The words haunted me as I shakily flipped through stage outfits feeling more hopeless with every passing moment. It didn’t matter what I picked, I was going to bomb.

I didn’t have a drop of confidence. I was trembling and I could hear my pulse beating as loud as the DJ’s music. If I refused, Jay would never give me another night slot. I’d be stuck making next to nothing until I gave up and moved on again.

I was so tired of moving and pinching things to get by. I really needed this job.

Get it together, Crystal LaDawn Nance, I inwardly pep talked.

I nervously exhaled and slid a white dress from the rack. It was just thick enough to leave you wondering if you could actually see through it when the stage lights hit it and it tied behind theneck. I rolled stockings up my thighs and checked my reflection in the mirror once I got the matching stiletto fastened.

The neon purple thong glittered beneath, matching my nails and the smokey effect I’d played up on my eyes. I slicked some lip gloss on and smiled at the mirror.

I was an expert at putting on a face.

You had to be when you grew up with a mother like mine.
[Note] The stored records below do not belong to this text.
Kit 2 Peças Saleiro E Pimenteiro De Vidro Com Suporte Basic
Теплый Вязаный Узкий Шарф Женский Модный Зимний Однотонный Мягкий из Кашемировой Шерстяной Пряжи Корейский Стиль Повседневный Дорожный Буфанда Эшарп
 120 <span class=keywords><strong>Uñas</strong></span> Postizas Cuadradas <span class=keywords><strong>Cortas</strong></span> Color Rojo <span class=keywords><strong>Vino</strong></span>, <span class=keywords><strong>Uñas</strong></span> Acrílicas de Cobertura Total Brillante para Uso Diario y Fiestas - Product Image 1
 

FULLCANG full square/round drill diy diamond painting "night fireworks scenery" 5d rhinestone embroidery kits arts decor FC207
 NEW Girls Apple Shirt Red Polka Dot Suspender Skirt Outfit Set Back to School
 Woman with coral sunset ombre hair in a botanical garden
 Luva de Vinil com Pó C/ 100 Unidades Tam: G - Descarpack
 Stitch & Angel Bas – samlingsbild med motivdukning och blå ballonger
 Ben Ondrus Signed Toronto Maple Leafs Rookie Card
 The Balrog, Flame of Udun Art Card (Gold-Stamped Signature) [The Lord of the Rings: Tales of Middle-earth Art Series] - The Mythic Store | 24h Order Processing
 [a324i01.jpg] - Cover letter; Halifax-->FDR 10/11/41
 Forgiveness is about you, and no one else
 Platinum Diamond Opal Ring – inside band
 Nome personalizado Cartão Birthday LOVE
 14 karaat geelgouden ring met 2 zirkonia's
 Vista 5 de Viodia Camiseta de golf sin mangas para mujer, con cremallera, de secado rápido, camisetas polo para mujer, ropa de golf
Her drug-induced mood swings and violent boyfriends had taught me to perfect the art of smiling through tears.

I lifted my chin and turned as the DJ’s voice came over the speaker.

“You got this, girl.” Sidney encouraged, with a wink, when we passed on the stairwell.

I wished I believed her.

I glanced back at her long legs and perfect curves and knew I’d have my work cut out for me following her act.

The first note of the song dropped and took my heart to my stomach.

Oh, God.

I put one foot in front of the other and let the beat of Layto’s “Houndin’” carry me onto the stage. I closed my eyes, reached for the steel grip of my dancing partner, and twirled the pole to a chorus of lewd cheering. I let the music grip my soul and move my body. The growl and call of the lead vocalist commanded my every motion.

It wasn’t until I dropped to my knees, and dipped my head, letting the dress spill down my belly and bare those jewel clad nipples that I allowed myself to look his way.

I don’t know what I expected to find.

Maybe an empty table?

Him and the big guy in conversation?

It definitely wasn’t the sight of him on his feet, gravitating toward my stage like he didn’t have a choice in the matter. His dark-blue eyes met mine and everything in me clenched. It wasn’t that men hadn’t looked at me that way before, but none of them had acted like I had that kind of power over them.

The fact that he didn’t hide that hold I was having on him did things to me. And the knowledge that I was able to do that to him, in front of all those Disciples?

It was a different kind of rush.

I could feel their attention on us when the vocals turned to that thrash-worthy energy. The singer began wailing about a hounding-ass bitch, and I shot forward, slapping my palms on the stage as I landed. I clawed and crawled my way toward him with the same open, primal energy.

When he reached the tipping circle, and I the edge of the stage, I rolled to my back and stared up at him, my breath heaving as I ran a hand down my flat stomach. I snaked my hips as I shoved the material of that flimsy dress past my thighs and kicked my feet until the gown hung from the end of a spiked heel.

I laughed, pleased I was able to pull it off as smoothly with an audience as I did when I practiced at home, and kicked it at him. He snapped it up and I swear to God, I thought he was going to come across that little bit of bar top and take what he wanted right there on the stage.

A shiver ran through me as I tangled a finger or two in the top of the G-string and teased it between my labial lips as I thrust upward. The glistening evidence of what that thought did to me staring back at him before the lights cut off.

I normally scrambled off the stage, but I closed my eyes and greedily dragged in breaths, regretting how alone and bare my flesh suddenly felt as I laid burning on that darkened stage.

I eventually made my way to my knees and off the stage, knowing Jay’s bouncers would clean the floor of tips for me. It was how he got his hands on a cut of everything. The man was such a cheap bastard to work for.

I dabbed at my face and neck with a towel and made my way backstage to clean up. I’d just applied my lotion, when Jay blew through the double doors, causing several of us girls to turn in confrontation.